A: Yes it is. The Mohawk Valley has a long history. In fact, if you count the Mohawks and those who preceded them, you can go back thousands of years. We have one story in the book The Gazette has reported on separate and apart from my column, having to do with the archeological dig that’s been taking place in Amsterdam down by the river. The archeologist who did it dates some of the projectile points he found to, I think, 5,000 years ago. When I asked him “When was that?” he said, “Well, that’s when the first pyramids were being built.” Obviously, people have lived in the valley for a long time. I’m writing the most about the history that has happened in my lifetime, or maybe the lifetime of my parents. That’s what seems to work best with the column. And specifically Amsterdam, which I honestly do write about the most, was this thriving, carpet-making, broom-making, knitted goods-making mill town.

Q: Are some of the stories rooted in some of your newspaper columns?

A: Some are expansions of columns. And kind of compilations of some of the separate columns I’ve done over the years. I have a chapter on the Sanford family and their carpet mill in Amsterdam and another chapter on Mohawk Carpets, those were the two major carpet-making firms in Amsterdam. It probably combines several of the Gazette columns I did on that topic.

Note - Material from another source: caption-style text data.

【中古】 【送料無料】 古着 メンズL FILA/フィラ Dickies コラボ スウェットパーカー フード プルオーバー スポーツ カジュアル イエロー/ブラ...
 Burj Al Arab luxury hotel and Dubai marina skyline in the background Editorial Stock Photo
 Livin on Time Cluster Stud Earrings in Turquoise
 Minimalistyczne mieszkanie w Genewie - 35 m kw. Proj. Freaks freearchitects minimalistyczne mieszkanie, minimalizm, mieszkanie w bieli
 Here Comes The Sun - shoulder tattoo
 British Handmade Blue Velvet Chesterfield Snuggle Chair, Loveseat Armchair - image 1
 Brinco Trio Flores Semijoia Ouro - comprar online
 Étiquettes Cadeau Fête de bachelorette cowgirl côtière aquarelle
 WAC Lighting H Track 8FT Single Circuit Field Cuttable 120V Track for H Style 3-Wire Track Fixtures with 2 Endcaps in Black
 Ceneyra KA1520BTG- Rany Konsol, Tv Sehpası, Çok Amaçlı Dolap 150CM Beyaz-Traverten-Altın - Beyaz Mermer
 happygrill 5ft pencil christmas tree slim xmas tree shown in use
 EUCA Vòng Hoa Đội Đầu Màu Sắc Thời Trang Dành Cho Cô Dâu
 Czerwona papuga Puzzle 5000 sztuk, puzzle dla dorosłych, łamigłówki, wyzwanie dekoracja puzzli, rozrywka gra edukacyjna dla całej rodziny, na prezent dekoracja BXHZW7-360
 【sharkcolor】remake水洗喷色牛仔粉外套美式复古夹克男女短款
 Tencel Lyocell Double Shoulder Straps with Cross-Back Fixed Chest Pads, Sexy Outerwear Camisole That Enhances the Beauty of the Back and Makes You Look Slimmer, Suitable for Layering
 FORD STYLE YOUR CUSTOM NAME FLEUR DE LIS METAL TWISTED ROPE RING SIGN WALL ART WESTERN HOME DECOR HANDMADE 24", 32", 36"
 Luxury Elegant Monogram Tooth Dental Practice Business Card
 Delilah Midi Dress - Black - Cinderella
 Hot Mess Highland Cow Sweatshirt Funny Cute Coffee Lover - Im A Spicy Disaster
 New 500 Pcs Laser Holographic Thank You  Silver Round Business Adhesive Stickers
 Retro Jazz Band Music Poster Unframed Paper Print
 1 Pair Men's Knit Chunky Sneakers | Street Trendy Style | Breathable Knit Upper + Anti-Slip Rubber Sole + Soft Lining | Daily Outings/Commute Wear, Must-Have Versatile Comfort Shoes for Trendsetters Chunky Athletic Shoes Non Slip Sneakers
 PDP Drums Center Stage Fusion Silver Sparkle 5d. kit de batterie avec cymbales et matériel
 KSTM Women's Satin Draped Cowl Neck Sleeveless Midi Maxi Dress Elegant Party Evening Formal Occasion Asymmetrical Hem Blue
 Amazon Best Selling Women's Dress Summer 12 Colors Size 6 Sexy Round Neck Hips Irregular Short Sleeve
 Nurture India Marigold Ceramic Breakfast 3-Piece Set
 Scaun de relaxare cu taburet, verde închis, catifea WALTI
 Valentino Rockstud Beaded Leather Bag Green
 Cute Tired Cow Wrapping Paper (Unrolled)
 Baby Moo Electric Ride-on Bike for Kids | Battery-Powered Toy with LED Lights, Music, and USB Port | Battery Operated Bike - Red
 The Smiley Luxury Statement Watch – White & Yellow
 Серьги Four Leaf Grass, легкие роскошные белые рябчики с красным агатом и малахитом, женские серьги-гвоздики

Q: How about a favorite story from the book?

A: It didn’t make it into the title, which was History Press’ decision, but my favorite is the story about Benjamin Paul Blood, the psychedelic philosopher. I find it remarkable that many years before Dr. Timothy Leary and Ken Kesey, there were these guys in Amsterdam and all over the world, really, who were using nitrous oxide to get high so they could write about their experiences. We’re not talking about just any old guys or just Benjamin Paul Blood himself, who was sort of an eccentric who lived in Amsterdam and wrote about philosophy and poetry, but this attracted the attention of William James, Henry’s brother. William James is sort of a proto-psychiatrist, a philosophy professor at Harvard, and comes to Amsterdam in the early years of the 1900s to meet Benjamin Paul Blood. They have this ongoing correspondence. I just found the whole thing very interesting. And I still, like with any of these topics, I still don’t know everything I’d like to know about B.P. Blood.

Q: People love old pictures, and you’ve got bunches of them. Hard to find them?

A: Pictures are not my long suit. I had a lot of help, specifically from a man named Gerald Snyder. He’s a collector of pictures, I believe an engineer by trade, but he’s very interested in Amsterdam history. He and the Amsterdam city historian R.H. von Hasseln are co-authors of a postcard history book about Amsterdam using a lot of Gerry’s pictures.

There are other place to get pictures, primarily the Walter Elwood Museum . . . the book was in the process of being printed when the floods hit, and two of the places I write about were badly damaged by the floods, Old Fort Johnson and the Elwood Museum. It just so happens there are some artifacts at the Elwood Museum that weren’t damaged because they were in my possession, going back and forth between South Carolina.

Q: Must have been fun to put entertainers like Arlene Fontana and the Daiquiris into your pages, especially when some people might not remember them. Was it?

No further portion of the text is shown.